The results of many studies showed that the improvement of employee experience affects the overall business. Employee experience and engagement level are the best indicators for predicting the level of customer experience as well as the productivity and financial performance of a business unit. Companies with high employee participation increased their sales by at least 2.5 times more than companies with low employee participation (Bain & Company). Moreover, employees who engage better due to positive experiences are 87% less likely to leave the organization than those who do not (Corporate Leadership Council). This reduces the waiting cost of hiring and growing a new employee to reach his or her full potential. 

70% of employees with high engagement understood how to meet customer needs, while only 17% of those with low engagement understood it (Wright Management).

 

No Boundaries in the Scope of Employee Experience

 

Employee experience includes every moment from hiring to resignation. The starting points are hiring hours and costs at the step of hiring a new employee, the ratio of job acceptance, and employment quality. It includes whether it attracts the best candidate with attractive and clear job postings, the experience during the hiring process, and whether the target candidate group accepts the job offer quickly or not.

 

Afterward, employees go through a process of quickly identify the systems, tools, and processes of the organization and satisfying role expectations. Most employees need an “adjustment period” to reduce work hours and increase productivity. Obviously, t is better for the organization when they can achieve it quicker. An effective onboarding process inspires members' aspiration for new jobs and turns it into a commitment to do a great job while working there by establishing meaningful relationships with the organization.

 

Employees grow at a slightly different rate within their roles. It is also important to understand what skills and competencies they learn and what they want during this process. Members need a kind of “portfolio career” composed of diverse experiences to grow. Moreover, organizations shall capture opportunities to provide differentiated experiences to many employees.

 

When employees are organized to a certain level, the company's challenge is to maintain the rate of contribution and development of its members for success. Moreover, employees should be inspired by the company's vision and values. It is also economically rational to do the best to keep the already organized existing staff rather than replacing them.

 

Employees can leave a company for a variety of reasons. What stage employees leave the company and why they leave it provide good opportunities for improving employee experience for current and future members. However, yet it may sound cruel, those who leave may give honest opinions because they feel like they have nothing to lose.

 

Overseas companies such as IBM and GE can increase the level of employee experience from the hiring stage by utilizing digital tools and have monitoring systems for quickly detecting problems. They focus on helping employees conveniently meet their own needs and providing tailored experiences for them by hiring dedicated organizations and experts as needed. Through this, they try to constructively protect personal growth and organizational values ​​and culture.

 

Future of Employee Experience Management

 

Combination of Operation Data and Experience Data

 

A company has “operation data” including employees' personal history and evaluation and compensation details.
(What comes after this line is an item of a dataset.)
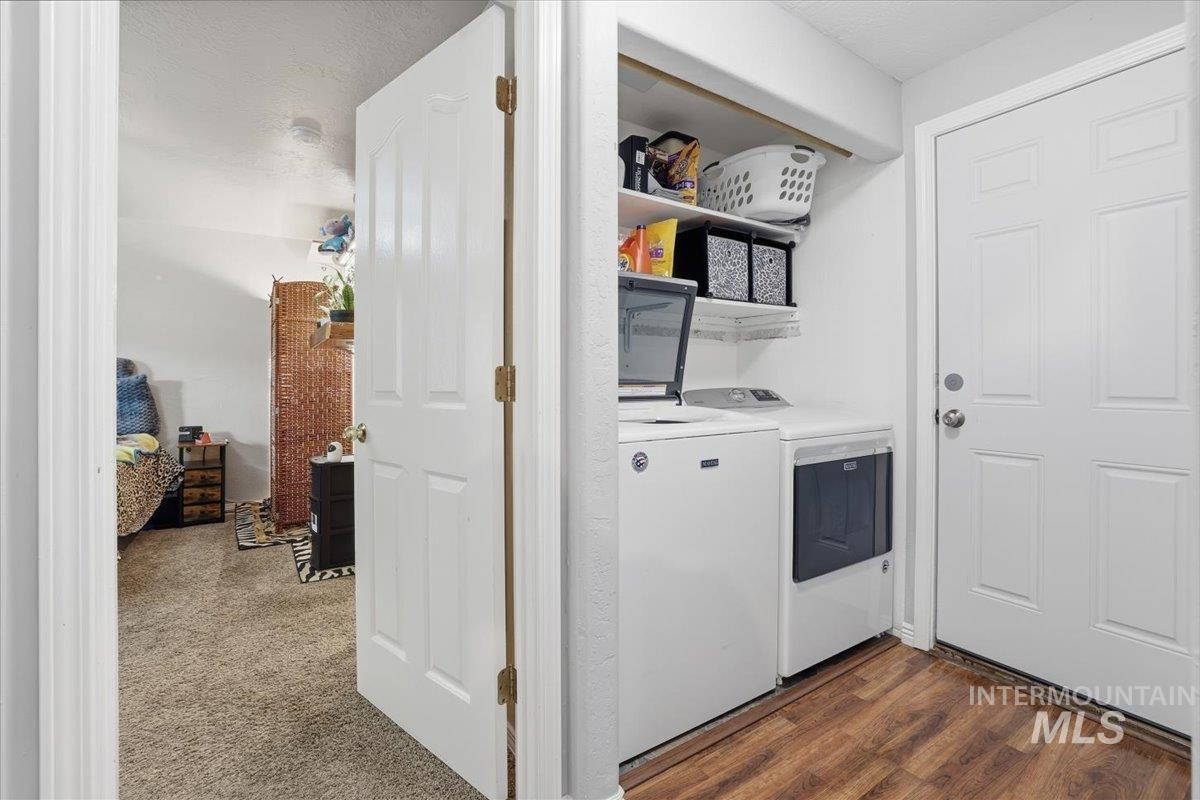 Laundry room featuring washer and dryer and dark wood-style floors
The move to identify new insights by combining it with “experience data”, which informs the experience of employees, is getting faster. It will widen the opportunity to know what is happening in the company and why it is happening, what need to be improved, and what values employees feel from it and what they prefer regarding activities taking the same amount of time and cost in-depth.

 

Listen and Measure Every Day

 

More attention is given to what employees do and feel every day. It is because everything can be excellent employee experience including learning new things, simplifying repetitive practices and tasks, and trying new ways to improve performance. In addition, it is understandable that there can be different views and opinions in the same experience. Regular surveys including annual surveys (pulse check) and listening to opinions using public feedback platforms have become essential management activities. Furthermore, companies will continue to try to know how employees understand the problems they face every moment through short and brief questionnaires and attempt to secure rich data.

 

Interest and Investment in Workplace Environment

 

The workplace environment doesn't just mean fancy office buildings and new interior design. It can be the autonomy of time and space, the authority to make small decisions in services, or anything that employees want to be in the workplace. Additionally, there is an increasing interest not only in the workplace environment but also in how one’s workplace is related to and contributes to society or communities. It is because internal and external pride is one of the ultimate aspects of employee experience. The impacts of these interests and investments can be more effective when the results are publicized in an easy-to-understand and transparent form.

 

Start with Employee Experience Survey 

 

Understanding how employees experience the workplace, grow, and feel when they leave it is a starting point for enhancing the employee experience. What is meaningful and what is not? What experience is positive and what a company can do to improve it? Surveys need to be conducted more regularly and systematically to answer these questions.

 

It is necessary to measure various things at the right time using the right tool, such as the candidate reaction survey and the on-boarding survey, which monitor the recruitment process and adaptation phases after hired, and the training feedback survey, 360 review, and pay and benefits optimization survey for evaluating the experience of employees’ growth and recognition.

 

As shown above, the trend is to conduct surveys on the experience and feelings of employees more frequently in a simpler format. The real-time snapshots of company-wide morale and employee satisfaction obtained through this enable the company to interview more effectively. Putting small amounts of time and money at the right time is a more effective way, than investing large amounts of time and money just once. Moreover, the attributes of employee experience tend to be individualized and customized. It is expected that the level of employee experience will be higher when small successes are accumulated.